On Day 2, preheat the oven to 80º C. Clean the pork belly of the spices. Cover the pork with a thin layer of lard and put it in a roasting pan. Put the meat in the oven and cook slowly for 12 hours.

Remove the brisket and place under pressure (i.e., under a cutting board) to compress it and put it in the refrigerator overnight.

On Day 3, score the rind of the pork belly and then slice it into oblong pieces. Sauté these pieces slowly in a little bit of oil over medium heat until they are crispy and warm at the edges.

sauce:

3 tbsp balsamic plum vinegar (or 3 tbsp "balsamic plum vinegar," i.e., 2 tbsp ume plum vinegar mixed with 1 tbsp balsamic vinegar)
1/2 rosemary branch
4 juniper berries
50 ml / 3 tbsp + 1 tsp apple juice
200 ml / 3/4 cup chicken stock, preferably homemade
100 ml / 1/3 cup+ weissbier or blanche

In a saucepan over medium-high heat, reduce the vinegar with the rosemary and the juniper berries for a couple of minutes. Add the apple juice, bring the mixture back to a boil, and reduce for another couple of minutes. Add the chicken stock and the weissbier and reduce the mixture down to half its original volume. Strain the sauce and season to taste.

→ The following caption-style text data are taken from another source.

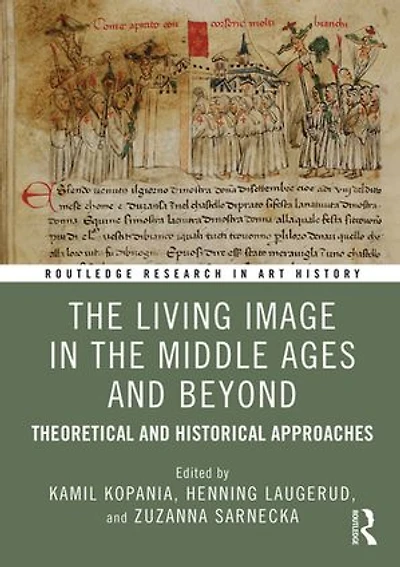the Living Image Middle Ages and Beyond: Theoretical Historical Approaches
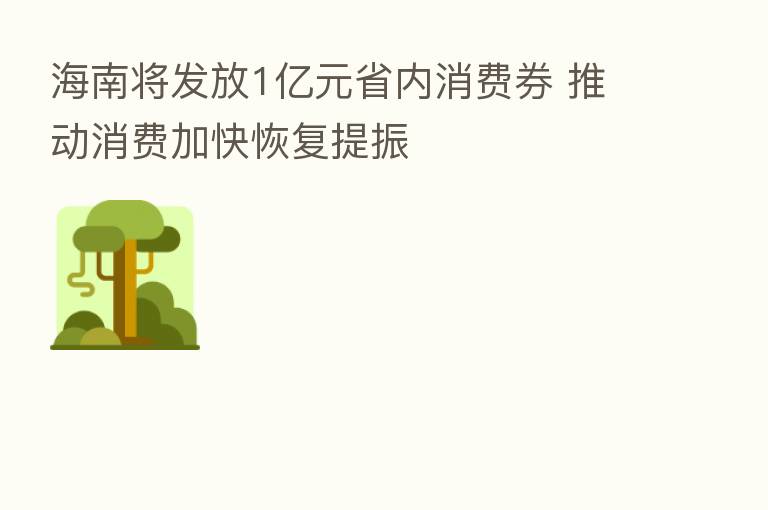 海南将发放1亿元省内消费券 推动消费加快恢复提振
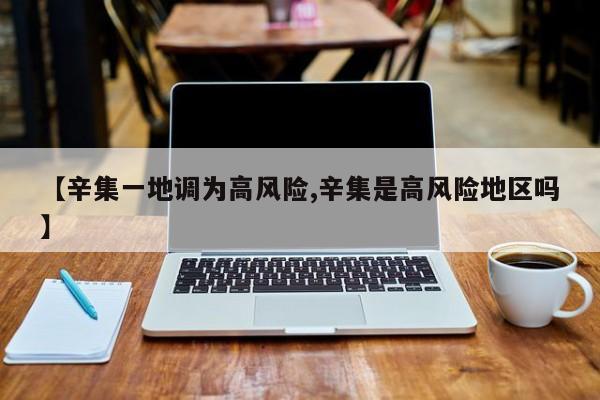 【辛集一地调为高风险,辛集是高风险地区吗】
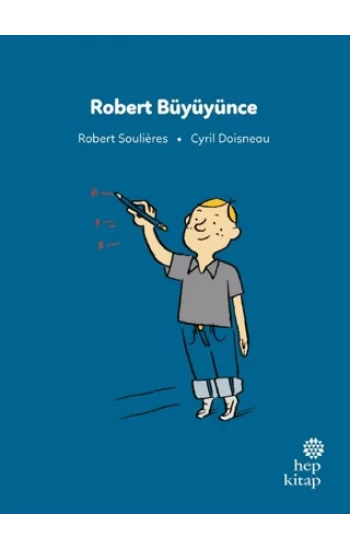 İlk Okuma Hikayeleri: Robert Büyüyünce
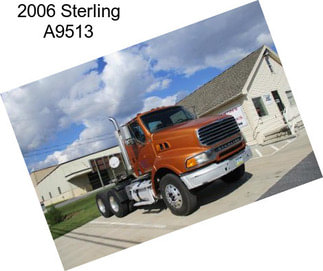 2006 Sterling A9513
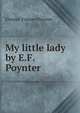 My little lady by E.F. Poynter., Eleanor Frances Poynter 
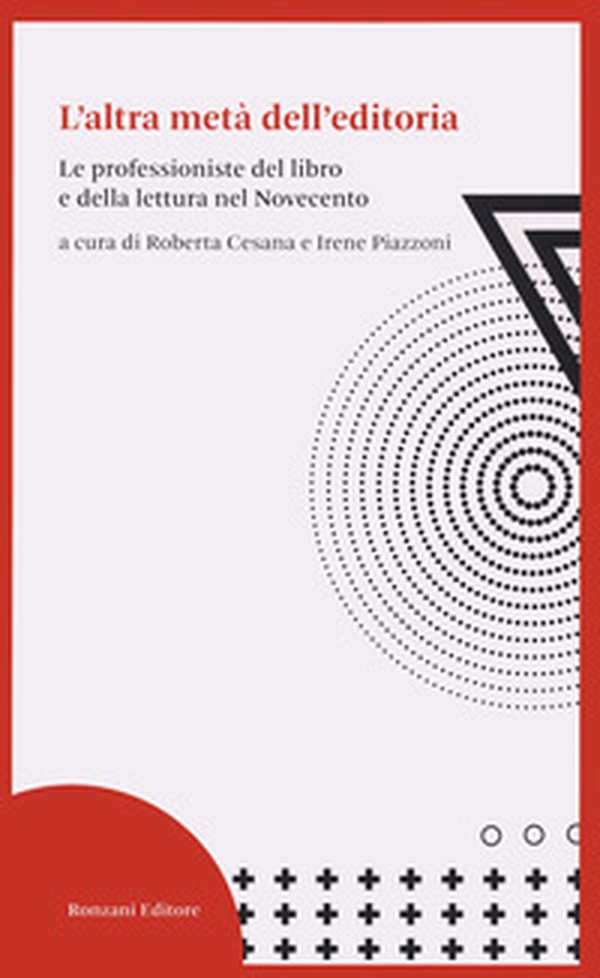 L'altra metà dell'editoria. Le professioniste del libro e della lettura nel Novecento - Librerie.coop L'altra metà dell'editoria. Le professioniste del libro e della lettura nel Novecento - Librerie.coop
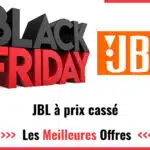 Promos Black Friday JBL 2025 : Faites des économies sur vos divers articles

marinated onions fig. d: marinated onions

beer-cured onions:

20 pearl onions, blanched then separated into shells
200 ml / 3/4 cup beer (use a good lager)
90 g / 1/2 cup honey
1 thyme branch
5 juniper berries
110 g / 3/4 cup balsamic apple vinegar (or 110 g "balsamic apple vinegar," i.e., apple vinegar mixed with balsamic vinegar in a 2:1 ratio)

Boil the beer, the honey, the thyme and the juniper berries together and reduce for 5 minutes. Take the marinade off the heat and add the balsamic apple vinegar or "balsamic apple vinegar." Pour the marinade over the onion skins and let them steep in the liquid for at least 30 minutes. Don't throw the thyme and juniper berries away--you'll want to decorate your plates with them.


potatoes fig. e: our potatoes as they went into the oven

crispy potato peels:

1 kg /2.2 lb small potatoes, scrubbed
oil for frying, such as grapeseed or peanut

Bake the potatoes in the oven at 160º C until they are just tender. Take them out of the oven, allow them to cool briefly, and cut them into halves. Gently and carefully so as to preserve their shape, scoop the potato flesh out of the peels and save for another purpose (i.e., tomorrow morning's home fries). Take the peels and fry them in oil heated to 160º C until they are crispy. You may have to do this in multiple batches. Remove the peels from the oil and place them on paper towel to let them dry. Season with salt.

assembly:

Place one piece of pork belly on each plate and surround each piece with potato skins and onions. Garnish with juniper berries and thyme and/or rosemary and drizzle some sauce over the entire ensemble. Serve immediately.

Serves 4.

[recipe adapted from Noma: Nordic Cuisine]


The results were nothing if not spectacular, and several of the component parts were truly outstanding (the crème of egg yolks and the crispy potato skins, but especially the beer-cured onions), but there was one major problem: while the scallops were a total knockout, the pork belly hadn't quite worked out. The flavor was there in spades, there was nothing wrong with the approach, but for some reason the 12-hour extra slow & low roast had dried that poor pork belly out. So the pork, the star attraction, was okay, and we still enjoyed it--after three days, we kinda had to--but it was far from phenomenal, far from the succulent pork extravagance we were expecting. Longtime readers will know that we've had all kinds of success with roasting pork for eight-hour spells at a considerably higher temperature, so I think I'd just adjust the cooking time--no more than eight hours?--if I tried this recipe again, but let's not kid ourselves: we were a little disappointed.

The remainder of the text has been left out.